About one in every 300 people in the world live with schizophrenia, but stigma and misconceptions have led to a need for change to improve quality of life and outcomes for people with the condition.
Schizophrenia affects around 24 million people around the world, but the condition is frequently misunderstood, leading to stigma and negative perceptions. This is something that Hal had to work through after his own diagnosis of schizophrenia.
“When I was 16 I was taken to hospital because I had quite severe obsessive-compulsive disorder which is now actually quite well controlled, but whilst I was in hospital I began to hear voices which worsened over the next 18 months or so and led to me being sectioned,” shares Hal. “I was diagnosed with paranoid schizophrenia but I had an incomplete response to medication at first. Since then I’ve gone back on the medication Clozapine and my diagnosis has now changed to treatment-resistant schizophrenia.”
At this time, Hal had to come to terms with his new diagnosis and the treatment of the condition, but now he is more accepting of living with schizophrenia.

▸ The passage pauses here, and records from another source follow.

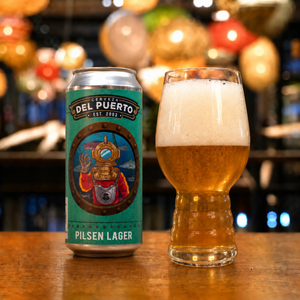 DEL PUERTO PILSEN LAGER Pilsner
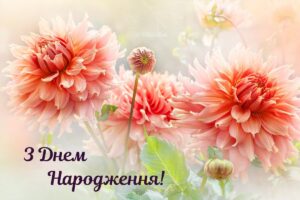 On August 30, 2021, the staff of the department congratulated on the birthday of associate professor Oksana Krasilnikova and senior laboratory assistant Natalia Bushlya
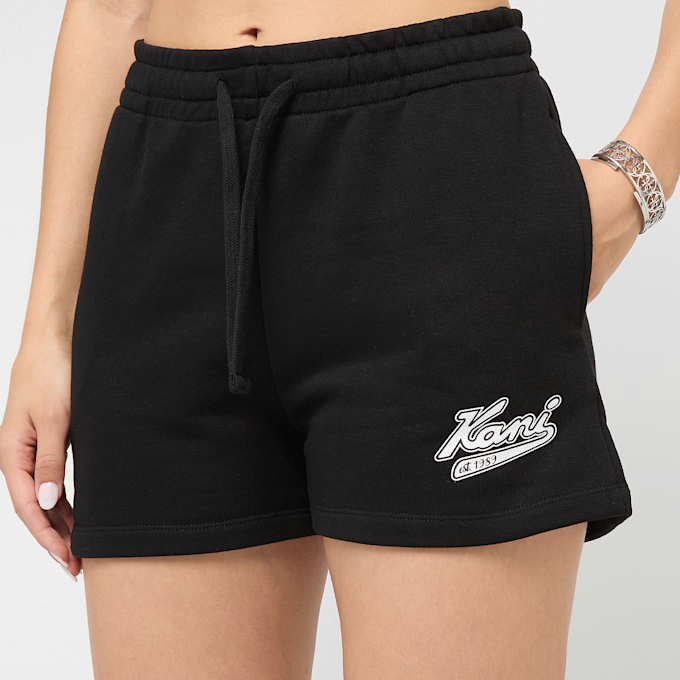 Karl Kani Varsity Mini Shorts nero 47432 3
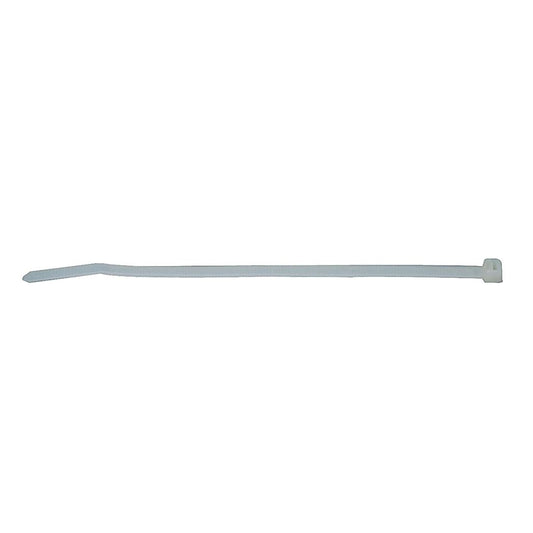 Fixapart 100x Cable Ties 0.30 m White - CTS 12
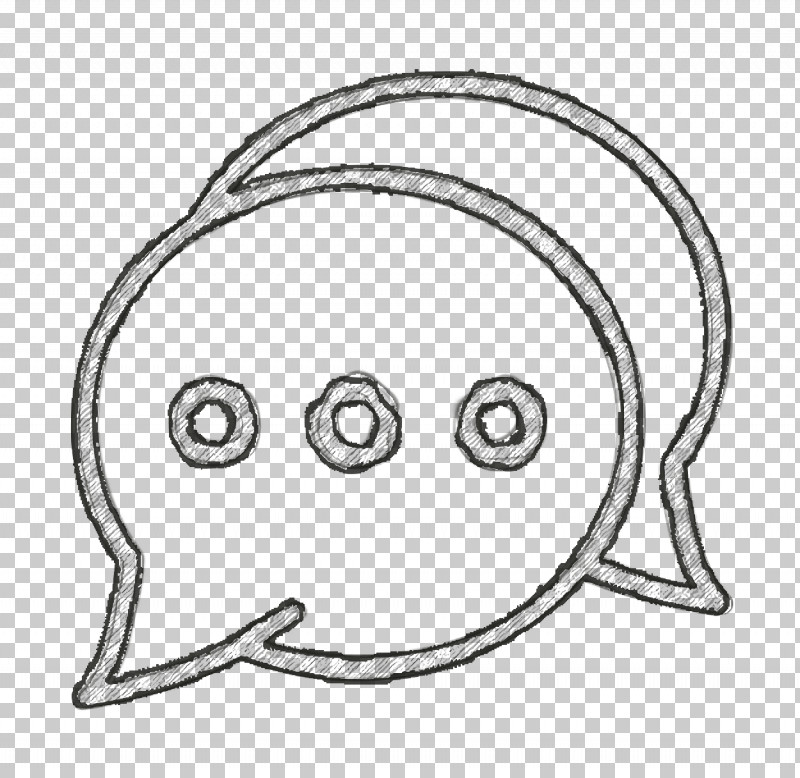 Chat Icon Comment Icon Dialogue Set Icon PNG, Clipart, Chat Icon, Comment Icon, Dialogue Set Icon, Face, Headgear Free PNG Download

“Being diagnosed is scary, it’s really scary, but what has changed my life is I’ve had effective treatment, so the diagnosis doesn’t feel quite as scary anymore,” enthuses Hal. “Pretty much everyone I’ve worked with has been excellent.
“It’s allowed me to be able to go back to work and studying quite intensely, whereas before I had no motivation so I feel like it’s been the key to getting to education. The medication and the social impact I’ve had from my team has been exceptional.”
Through finding the right treatment, Hal has also been able to better accept the diagnosis and challenge his own negative perceptions.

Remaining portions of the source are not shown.